The bank is free to lend the remaining deposits. When there is an inflationary situation, the central bank raises the rate of minimum cash-reserve ratio thereby making the banks to keep more cash reserve with RBI which in turn curtails the lending capacity of commercial banks. RBI fixes rate of CRR according to market conditions. At present (Feb., 2013) CRR is 4.0%.

Statutory Liquidity Ratio (Raise SLR) (All; D12):

In addition to CRR, there is another measure called SLR according to which every bank is required to hold a certain minimum proportion of its total demand and time deposits in liquid form like liquid assets such as government securities. When RBI wants to contract credit or lending by banks, it increases SLR and thereby reduces credit availability. (On the contrary, when it wants to expand availability of credit, it lowers SLR.)
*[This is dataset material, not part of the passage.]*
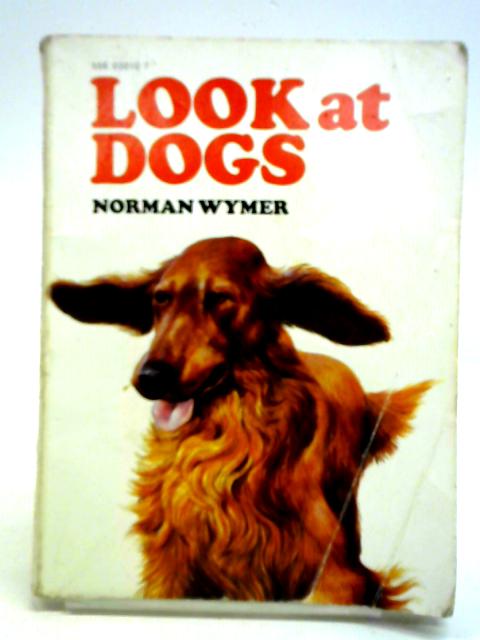 Look at Dogs By Norman Wymer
Legal Reserve Ratio [LRR) (A2011; D12):

LRR is a certain fraction of deposits which is legally compulsory for the commercial banks to keep as cash or in liquid form. There are two parts of this ratio—CRR and SLR as already explained above. When there is inflationary gap, RBI raises minimum limit of LRR so that lesser funds are available to banks for lending.

Legal Reserve Ratio


(b) Qualitative Measures:

(i) Moral Suasion (Restrict credit):

This refers to written or oral advice given by the central bank to commercial banks to restrict or expand credit.

During inflation, the central bank of a country employs selective credit control measures like moral suasion. For instance, it persuades its member banks not to advance credit for speculation or prohibit banks from entering into certain transactions. This advice is generally followed by member banks.

(ii) Margin Requirements (Increase it):

Margin requirement refers to the amount of security that banks demand from borrower of loan.


It is the difference between the amount of loan granted and the current value of security offered for taking loan. In a situation of excess demand, the central bank raises the limit of margin requirements. This discourages borrowing because it makes traders get less credit against their securities. On the other hand, in case of deficient demand, margin requirements are lowered to encourage borrowing.

Other measures of monetary policy are credit rationing, control of consumer credit, wage freeze and direct action.

3. Miscellaneous:

Other anti-inflationary measures can be: import promotion, wage freeze, control and blocking of liquid assets, compulsory savings scheme for households, increase in production by utilising idle capacities, etc.